By Michael Rothschild December 17, 2021
Courtesy: Tenable

Modern industrial and critical infrastructure organizations rely on the operational technology (OT) environment to produce their goods and services. Beyond traditional information technology (IT) operations that use servers, routers, PCs and switches, these organizations also rely on OT, such as programmable logic controllers (PLCs), distributed control systems (DCSs) and human-machine interfaces (HMIs) to run physical plants and factories. While OT devices have been in commercial use for more than 50 years, a complete transformation has occurred, changing the way people operate, interact with and secure the OT environment.


Many organizations have opted to converge their IT and OT environments, which can yield many benefits, but these decisions are not without risk. Convergence can produce new attack vectors and attack surfaces, resulting in breaches that start on one side of the converged infrastructure and laterally creep from IT to OT and vice versa.

Threats impacting OT operations are not the same as those that impact IT environments, thus the required security tools and operating policies are different. Deploying the right ones can harness all the benefits of a converged operation without increasing the security exposure profile of the organization. It is important for organizations to establish a carefully planned strategy prior to a convergence initiative, rather than bolting on security as an afterthought.

The air gap argument

What happens when a business makes the strategic decision to not converge their IT and OT operations? Many organizations follow this path for a variety of reasons including strategic, technical and business factors. By keeping IT and OT systems separate, these organizations are implementing an “air gap” security strategy.

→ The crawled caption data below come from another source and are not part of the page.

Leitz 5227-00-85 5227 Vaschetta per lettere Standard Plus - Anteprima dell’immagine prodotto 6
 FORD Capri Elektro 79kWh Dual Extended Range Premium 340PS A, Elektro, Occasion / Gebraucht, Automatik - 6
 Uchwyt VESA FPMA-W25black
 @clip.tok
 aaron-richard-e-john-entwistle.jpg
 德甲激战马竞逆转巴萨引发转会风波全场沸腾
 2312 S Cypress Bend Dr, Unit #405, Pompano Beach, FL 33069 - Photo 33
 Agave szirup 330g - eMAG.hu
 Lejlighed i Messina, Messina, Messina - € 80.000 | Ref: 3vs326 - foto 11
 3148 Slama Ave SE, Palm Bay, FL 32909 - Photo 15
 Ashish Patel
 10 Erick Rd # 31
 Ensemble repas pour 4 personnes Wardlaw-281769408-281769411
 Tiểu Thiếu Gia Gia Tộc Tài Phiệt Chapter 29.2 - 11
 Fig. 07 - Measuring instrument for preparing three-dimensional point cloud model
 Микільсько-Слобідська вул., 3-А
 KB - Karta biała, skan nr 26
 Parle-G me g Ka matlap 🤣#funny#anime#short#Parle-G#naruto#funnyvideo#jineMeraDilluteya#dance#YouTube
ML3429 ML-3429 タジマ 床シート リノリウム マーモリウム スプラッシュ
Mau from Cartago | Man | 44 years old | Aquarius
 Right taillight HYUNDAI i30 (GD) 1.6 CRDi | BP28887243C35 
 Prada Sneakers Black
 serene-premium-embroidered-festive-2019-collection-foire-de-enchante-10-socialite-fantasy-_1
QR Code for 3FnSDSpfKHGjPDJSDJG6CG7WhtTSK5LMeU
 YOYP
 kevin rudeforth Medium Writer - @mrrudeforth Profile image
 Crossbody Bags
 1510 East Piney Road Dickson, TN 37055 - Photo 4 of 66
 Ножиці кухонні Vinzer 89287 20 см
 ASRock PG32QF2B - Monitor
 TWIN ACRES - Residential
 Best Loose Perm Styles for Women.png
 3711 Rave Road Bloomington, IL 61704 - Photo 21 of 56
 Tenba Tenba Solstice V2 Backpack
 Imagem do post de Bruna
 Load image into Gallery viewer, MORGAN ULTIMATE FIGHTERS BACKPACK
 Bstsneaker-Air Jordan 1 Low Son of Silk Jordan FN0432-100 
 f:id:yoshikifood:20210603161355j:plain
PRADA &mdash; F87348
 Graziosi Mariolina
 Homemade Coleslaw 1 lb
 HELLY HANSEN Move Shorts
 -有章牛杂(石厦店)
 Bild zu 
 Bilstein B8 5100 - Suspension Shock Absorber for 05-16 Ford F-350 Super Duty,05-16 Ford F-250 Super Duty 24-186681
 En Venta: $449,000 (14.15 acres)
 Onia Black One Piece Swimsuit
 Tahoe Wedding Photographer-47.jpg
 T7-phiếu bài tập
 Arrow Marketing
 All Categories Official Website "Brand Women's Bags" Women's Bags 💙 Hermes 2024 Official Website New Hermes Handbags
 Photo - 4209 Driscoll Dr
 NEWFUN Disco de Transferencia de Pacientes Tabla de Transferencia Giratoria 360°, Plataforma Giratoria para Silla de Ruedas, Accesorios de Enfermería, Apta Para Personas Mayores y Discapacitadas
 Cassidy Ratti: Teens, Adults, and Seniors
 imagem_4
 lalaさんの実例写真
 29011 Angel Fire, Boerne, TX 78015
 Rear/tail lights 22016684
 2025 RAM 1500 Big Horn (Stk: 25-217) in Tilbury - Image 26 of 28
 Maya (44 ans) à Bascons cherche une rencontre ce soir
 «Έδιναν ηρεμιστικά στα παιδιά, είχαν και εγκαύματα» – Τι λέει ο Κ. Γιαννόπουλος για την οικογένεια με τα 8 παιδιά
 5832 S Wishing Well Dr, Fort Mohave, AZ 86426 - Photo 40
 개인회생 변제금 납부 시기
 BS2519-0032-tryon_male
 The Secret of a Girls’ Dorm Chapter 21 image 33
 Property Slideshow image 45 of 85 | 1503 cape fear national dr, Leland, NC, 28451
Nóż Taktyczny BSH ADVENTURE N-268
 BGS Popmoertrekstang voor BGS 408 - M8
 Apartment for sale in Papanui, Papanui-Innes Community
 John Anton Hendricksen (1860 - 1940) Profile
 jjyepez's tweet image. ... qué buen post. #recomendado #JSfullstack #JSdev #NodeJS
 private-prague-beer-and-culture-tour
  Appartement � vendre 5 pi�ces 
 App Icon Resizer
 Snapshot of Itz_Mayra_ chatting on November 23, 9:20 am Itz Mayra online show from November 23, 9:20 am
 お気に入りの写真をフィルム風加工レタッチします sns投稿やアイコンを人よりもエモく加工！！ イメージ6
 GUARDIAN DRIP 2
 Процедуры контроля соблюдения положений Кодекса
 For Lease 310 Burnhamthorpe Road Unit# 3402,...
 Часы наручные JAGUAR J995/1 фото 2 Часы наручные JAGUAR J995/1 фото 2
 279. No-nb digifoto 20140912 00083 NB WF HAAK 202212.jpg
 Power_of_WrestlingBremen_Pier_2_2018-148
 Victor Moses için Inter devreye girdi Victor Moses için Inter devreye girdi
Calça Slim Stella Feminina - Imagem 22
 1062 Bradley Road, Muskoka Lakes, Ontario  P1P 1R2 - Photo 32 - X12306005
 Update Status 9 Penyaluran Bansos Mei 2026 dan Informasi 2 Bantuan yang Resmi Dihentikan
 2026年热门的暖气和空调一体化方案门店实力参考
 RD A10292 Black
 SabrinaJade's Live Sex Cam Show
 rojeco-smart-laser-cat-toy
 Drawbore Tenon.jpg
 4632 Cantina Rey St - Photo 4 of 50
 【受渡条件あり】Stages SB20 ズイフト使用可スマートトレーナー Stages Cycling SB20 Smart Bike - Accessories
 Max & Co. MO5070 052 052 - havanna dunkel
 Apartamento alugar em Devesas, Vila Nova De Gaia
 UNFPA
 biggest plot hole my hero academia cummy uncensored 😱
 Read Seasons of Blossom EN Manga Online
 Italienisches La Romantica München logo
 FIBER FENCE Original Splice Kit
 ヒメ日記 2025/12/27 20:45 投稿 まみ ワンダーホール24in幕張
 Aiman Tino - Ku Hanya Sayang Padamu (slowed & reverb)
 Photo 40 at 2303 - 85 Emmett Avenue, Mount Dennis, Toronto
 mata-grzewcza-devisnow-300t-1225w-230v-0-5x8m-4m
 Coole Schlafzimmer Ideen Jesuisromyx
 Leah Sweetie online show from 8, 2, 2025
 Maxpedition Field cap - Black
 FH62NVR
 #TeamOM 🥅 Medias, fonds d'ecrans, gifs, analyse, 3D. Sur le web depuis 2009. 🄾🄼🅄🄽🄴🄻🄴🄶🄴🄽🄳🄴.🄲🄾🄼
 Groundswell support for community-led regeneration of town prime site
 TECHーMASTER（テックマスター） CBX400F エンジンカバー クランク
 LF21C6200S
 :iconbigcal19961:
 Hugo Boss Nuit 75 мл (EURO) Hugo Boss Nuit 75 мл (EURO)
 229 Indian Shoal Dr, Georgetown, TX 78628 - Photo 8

Traditionally, air gapping OT operations has been viewed as the gold standard when it comes to industrial and critical infrastructure environments. Operating as a “closed loop” without any interfaces to the outside world, the OT infrastructure is physically sequestered from the external environment. With no data traveling outside the environment, and nothing from outside coming in, this buffer is viewed as the ultimate methodology in securing an organization from security threats.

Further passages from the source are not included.